A structured set of objections, weighed in public.

Desk editor's note, referee report, simulated authors' rebuttal, and a circularity audit. Tearing a paper down is the easy half of reading it; the pith above is the substance, this is the friction.

Referee Report

1 major / 1 minor

Summary. The manuscript proposes EgoExo++, which extends prior EgoExo work by integrating on-demand exocentric visual synthesis with piecewise planar 2.5D ground surface estimation for underwater ROV teleoperation. The method is presented as geometry-driven and closed-form, relying solely on egocentric camera feeds and monocular SLAM estimates to enable ground-relative reasoning such as clearance estimation and terrain marker following. Validation consists of 2-DOF indoor navigation and 6-DOF underwater cave experiments in low-light conditions, plus two 15-participant user studies reporting 16% faster missions, 5-fold reduction in path deviation ratio, and fewer collisions (2 vs. 5).

Significance. If the geometric accuracy of the synthesized exocentric views and 2.5D surfaces holds, the work provides a portable augmentation to existing teleoperation pipelines that could measurably improve operator situational awareness, reduce workload, and support shared autonomy in unstructured subsea settings.

major comments (1)
  1. [Validation experiments (as described in abstract and method)] The central claim that closed-form view synthesis and planar surface fitting produce geometrically correct exocentric visuals rests on the accuracy of monocular SLAM estimates in low-light, turbid conditions. The abstract states that geometric accuracy was validated in cave trials, yet no per-sequence SLAM metrics (ATE, RPE, scale drift) or error propagation analysis to plane parameters or viewpoint synthesis appear in the reported experiments. This omission is load-bearing because degraded feature tracking or inconsistent scale would render the anchor-free aerial viewpoint and clearance/terrain reasoning unreliable.
minor comments (1)
  1. [Abstract] The abstract reports concrete performance metrics from the user studies but does not indicate whether statistical tests (e.g., paired t-tests or Wilcoxon) were applied or how trial conditions were selected to avoid post-hoc bias.

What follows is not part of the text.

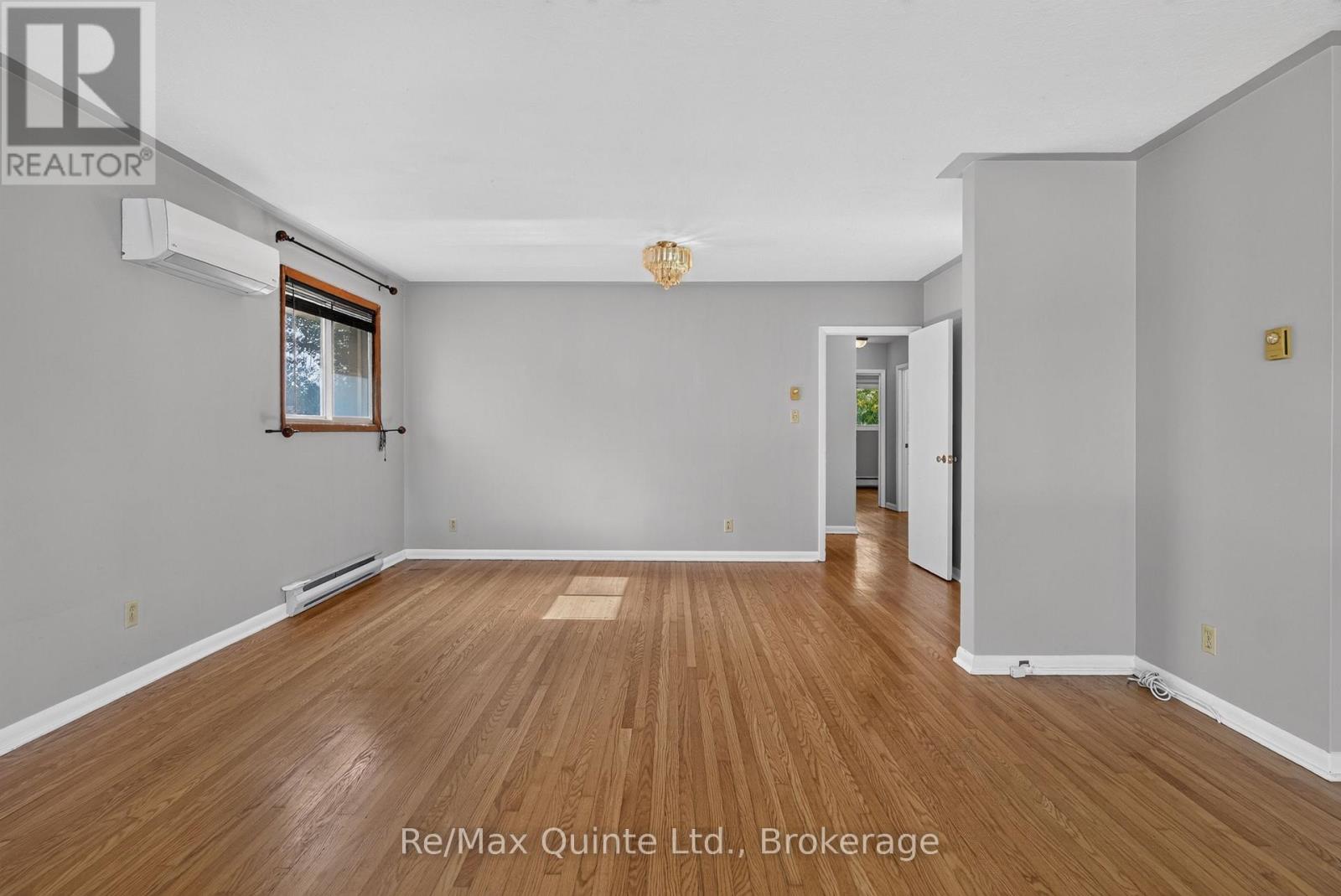 8 Plaza Square, Belleville, Ontario  K8N 4J3 - Photo 7 - X13742246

Simulated Author's Rebuttal

1 responses · 0 unresolved

We thank the referee for the constructive feedback emphasizing the need for explicit validation of the underlying monocular SLAM estimates. We address the major comment below and commit to strengthening the manuscript with additional analysis.

read point-by-point responses
  1. Referee: [Validation experiments (as described in abstract and method)] The central claim that closed-form view synthesis and planar surface fitting produce geometrically correct exocentric visuals rests on the accuracy of monocular SLAM estimates in low-light, turbid conditions. The abstract states that geometric accuracy was validated in cave trials, yet no per-sequence SLAM metrics (ATE, RPE, scale drift) or error propagation analysis to plane parameters or viewpoint synthesis appear in the reported experiments. This omission is load-bearing because degraded feature tracking or inconsistent scale would render the anchor-free aerial viewpoint and clearance/terrain reasoning unreliable.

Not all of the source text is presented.